He vuelto a recorrer las calles donde pasé la adolescencia y la primera juventud en estos luminosos días de la Semana Santa que llega a su fin. Sin esperarlas, he regresado a esas jornadas en las que saboreábamos la melancolía mientras que, cogidos de la mano, nos jurábamos que ese primer amor sería eterno. No habría nadie -ni circunstancia alguna- que fuera capaz de violentar un compromiso envuelto en sueños, ilusiones y fragancias. Era el sabor de amor, la espuma del mar.
Poco tardó el instante en el que todo se truncó. Llegó entonces aquello de que mi cabeza da vueltas persiguiéndote. Una apelación al no juegues más conmigo, esta vez tuviste una oportunidad y la dejaste escapar. Bien es cierto que una vez estuve equivocado y ahora no hay nada ya que puedas hacer. De ahí que concluyese con aquello de que ya nada tiene sentido y es mejor que sigas tu camino… que yo el mío seguiré, y por eso ahora déjame. Jugando a querernos o a que creas que te quiero.
Somos vulnerables
La vida siempre se ha ido construyendo con pasos titubeantes, emprendidos con diferentes sabores, en cada etapa de la existencia. Unas veces hemos llegado a tiempo de encontrar ese movimiento, en instantes con experiencias vitales distintas, hasta alcanzar las pequeñas metas que coronaban las fases en las que se han ido desenvolviendo las prácticas de la cotidianidad. En otras ocasiones los golpes han servido para constatar lo vulnerable que somos frente a las expectativas no cumplidas. Son los leñazos de realidad que tan a menudo precisamos para reaprender a golpe de impacto mortal, especialmente en esos ciclos en los que nos creemos superhombres o supermujeres por encima de la media.
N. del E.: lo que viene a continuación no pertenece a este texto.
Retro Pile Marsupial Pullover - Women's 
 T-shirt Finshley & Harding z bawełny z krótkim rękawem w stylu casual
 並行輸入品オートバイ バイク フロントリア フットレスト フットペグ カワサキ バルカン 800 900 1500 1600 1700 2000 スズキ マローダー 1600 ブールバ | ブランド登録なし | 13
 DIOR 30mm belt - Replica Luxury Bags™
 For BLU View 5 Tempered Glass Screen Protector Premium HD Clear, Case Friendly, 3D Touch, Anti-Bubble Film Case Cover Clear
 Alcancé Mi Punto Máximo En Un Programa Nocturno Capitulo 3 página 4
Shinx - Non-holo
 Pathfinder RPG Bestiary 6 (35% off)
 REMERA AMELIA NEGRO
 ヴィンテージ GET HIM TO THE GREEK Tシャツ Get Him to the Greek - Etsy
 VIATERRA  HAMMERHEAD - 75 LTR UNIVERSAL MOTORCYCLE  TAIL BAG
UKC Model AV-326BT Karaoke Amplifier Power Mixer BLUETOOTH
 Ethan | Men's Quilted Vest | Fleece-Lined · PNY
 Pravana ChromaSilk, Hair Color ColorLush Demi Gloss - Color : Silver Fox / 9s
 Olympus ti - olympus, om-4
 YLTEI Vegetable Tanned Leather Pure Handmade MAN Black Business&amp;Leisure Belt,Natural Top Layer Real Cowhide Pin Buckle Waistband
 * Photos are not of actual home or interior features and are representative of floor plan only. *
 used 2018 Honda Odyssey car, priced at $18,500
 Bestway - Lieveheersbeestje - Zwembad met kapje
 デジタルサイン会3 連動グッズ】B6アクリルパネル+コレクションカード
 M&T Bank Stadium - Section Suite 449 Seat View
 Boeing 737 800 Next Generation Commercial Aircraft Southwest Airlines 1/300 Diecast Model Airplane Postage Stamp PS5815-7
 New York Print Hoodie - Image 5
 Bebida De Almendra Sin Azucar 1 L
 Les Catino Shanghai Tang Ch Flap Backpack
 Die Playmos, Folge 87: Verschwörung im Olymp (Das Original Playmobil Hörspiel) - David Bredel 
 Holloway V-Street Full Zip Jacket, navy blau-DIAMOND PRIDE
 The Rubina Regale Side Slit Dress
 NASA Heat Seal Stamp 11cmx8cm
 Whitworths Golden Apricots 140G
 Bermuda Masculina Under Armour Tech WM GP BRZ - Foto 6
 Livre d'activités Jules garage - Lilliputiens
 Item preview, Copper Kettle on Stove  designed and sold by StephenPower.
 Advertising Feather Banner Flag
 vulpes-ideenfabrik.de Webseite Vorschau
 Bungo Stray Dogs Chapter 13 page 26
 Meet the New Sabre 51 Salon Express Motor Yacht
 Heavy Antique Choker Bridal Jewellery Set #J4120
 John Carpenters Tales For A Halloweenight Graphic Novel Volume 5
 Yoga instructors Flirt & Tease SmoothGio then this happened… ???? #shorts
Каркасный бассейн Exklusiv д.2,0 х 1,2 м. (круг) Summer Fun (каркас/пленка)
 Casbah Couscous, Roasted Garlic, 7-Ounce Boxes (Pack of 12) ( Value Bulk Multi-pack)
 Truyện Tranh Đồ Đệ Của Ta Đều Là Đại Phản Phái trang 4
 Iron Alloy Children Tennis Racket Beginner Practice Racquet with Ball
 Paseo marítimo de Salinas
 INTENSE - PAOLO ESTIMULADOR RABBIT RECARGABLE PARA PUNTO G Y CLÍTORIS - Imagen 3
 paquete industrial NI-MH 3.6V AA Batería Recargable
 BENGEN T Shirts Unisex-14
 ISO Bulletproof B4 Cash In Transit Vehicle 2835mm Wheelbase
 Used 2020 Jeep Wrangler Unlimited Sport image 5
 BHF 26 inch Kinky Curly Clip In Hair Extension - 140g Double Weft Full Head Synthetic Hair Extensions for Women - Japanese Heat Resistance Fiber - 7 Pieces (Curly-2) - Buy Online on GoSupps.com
A esas alturas de la vida ya sabemos que las cosas no son como parecen. Ni como las construimos en la mente. Son como son. Algo tan evidente como que, si tú no estás aquí, me sobra el aire. A veces me pregunto qué diantres hago en medio de este mundo. Me cuesta tanto encontrarle sentido a la existencia que, en ocasiones, no valen excusas para tratar de explicar lo que acontece. Es la presencia que forma parte de aquellos instantes de la sinrazón. Momentos en los que conviven aquellas diminutas luciérnagas que pululan en la imaginación en busca de los recovecos reales del sistema nervioso.
Es la vida
Hay días y días. Jornadas como las de hoy en las que renacer se convierte en una experiencia gozosa tras la oscuridad que proviene del dolor, la incomprensión y el desprecio. De la basura humana brotan instantes de esperanza. De manera sinuosa exploran los recovecos que han permanecido ocultos en mitad de la noche. Hasta que hallan ese diminuto cauce para desembocar en aquellos recodos que, lentamente, se extienden hacia lugares comunes en los que emergen libres de prejuicios y doble moral. Son soplos de una risa contagiosa que es capaz de sembrar luz en medio de la penumbra en la que hemos deambulado hasta ahora. Es el momento en el que florecen aquellos instantes tan ansiados. Es la vida, estúpidos, es la vida.